Luna tidak menyadari panas di tubuhnya sampai suara air mengalir dari kamar mandi. Dia tinggal di ruangan yang tidak biasa ini dan tiba-tiba merasa sedikit kesurupan. Tas Vincent ditempatkan di atas meja kopi di sebelahnya. Dengan mulut tas terbuka, dia bisa melihat dua akta nikah merah di dalamnya.
Dia tidak bisa membantu tetapi berjalan, berlutut, mengeluarkan akta nikah, membukanya, dan melihat foto akta nikah di dalamnya.
Luna melihat ke dua wajah seram di sana, tetapi tidak bisa menahan tawa. Bahkan jika foto mereka seperti itu, sulit untuk menyembunyikan ketampanan Vincent. Dia mengeluarkan ponselnya, mengambil fotonya, dan kemudian menguncinya lagi. Dia menyimpannya di album dengan kata sandi.
Begitu dia memasukkan kembali akta nikah itu, Vincent keluar dari kamar mandi. Akhirnya dia masih mengenakan handuk mandi di pinggangnya, tetapi longgar, seolah handuk itu akan jatuh kapan saja. Pandangan mata Luna tidak bisa dialihkan dari sosoknya.
Vincent menoleh dan mengedarkan pandangan ke belakang: "Apa yang kamu lihat? Mengapa kamu tidak mandi dulu."

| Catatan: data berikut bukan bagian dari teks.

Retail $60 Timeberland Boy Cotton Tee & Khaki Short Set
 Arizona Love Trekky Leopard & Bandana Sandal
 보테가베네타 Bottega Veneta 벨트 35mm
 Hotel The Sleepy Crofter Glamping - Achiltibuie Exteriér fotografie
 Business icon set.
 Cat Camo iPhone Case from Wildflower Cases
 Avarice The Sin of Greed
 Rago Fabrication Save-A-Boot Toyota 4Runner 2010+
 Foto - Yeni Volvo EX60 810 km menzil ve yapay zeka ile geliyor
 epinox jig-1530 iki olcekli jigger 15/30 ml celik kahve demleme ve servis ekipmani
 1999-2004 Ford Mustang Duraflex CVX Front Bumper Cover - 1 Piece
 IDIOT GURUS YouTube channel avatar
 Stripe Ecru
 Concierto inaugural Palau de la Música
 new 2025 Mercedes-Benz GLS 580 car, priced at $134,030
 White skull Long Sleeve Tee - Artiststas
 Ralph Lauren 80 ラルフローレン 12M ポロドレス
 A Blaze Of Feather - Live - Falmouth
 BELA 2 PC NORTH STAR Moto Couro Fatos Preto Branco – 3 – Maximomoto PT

Dia meringis di punggungnya. Luna pergi untuk mandi, dan kamar mandi itu luasnya lebih dari sepuluh meter persegi. Itu mewah, tetapi setelah mandi, dia menemukan masalahnya— —Dia tidak punya pakaian untuk diganti atau dicuci sama sekali.
Tidak mungkin memakai pakaian dalam yang dia lepas. Satu-satunya handuk di kamar mandi juga digunakan oleh Vincent. Dia ingin keluar… tapi...
"Vincent, Vincent ..." Kepala kecil itu keluar dari kamar mandi. Luna memanggil beberapa kali, hanya untuk mengetahui bahwa ruangan itu sunyi dan tidak ada yang menanggapinya. Apakah Vincent keluar?
Dia mendorong pintu kamar mandi semakin lebar, dan benar saja, seluruh ruangan terlihat jelas dalam pandangannya. Tidak ada seorang pun di ruangan itu. Apakah Vincent keluar?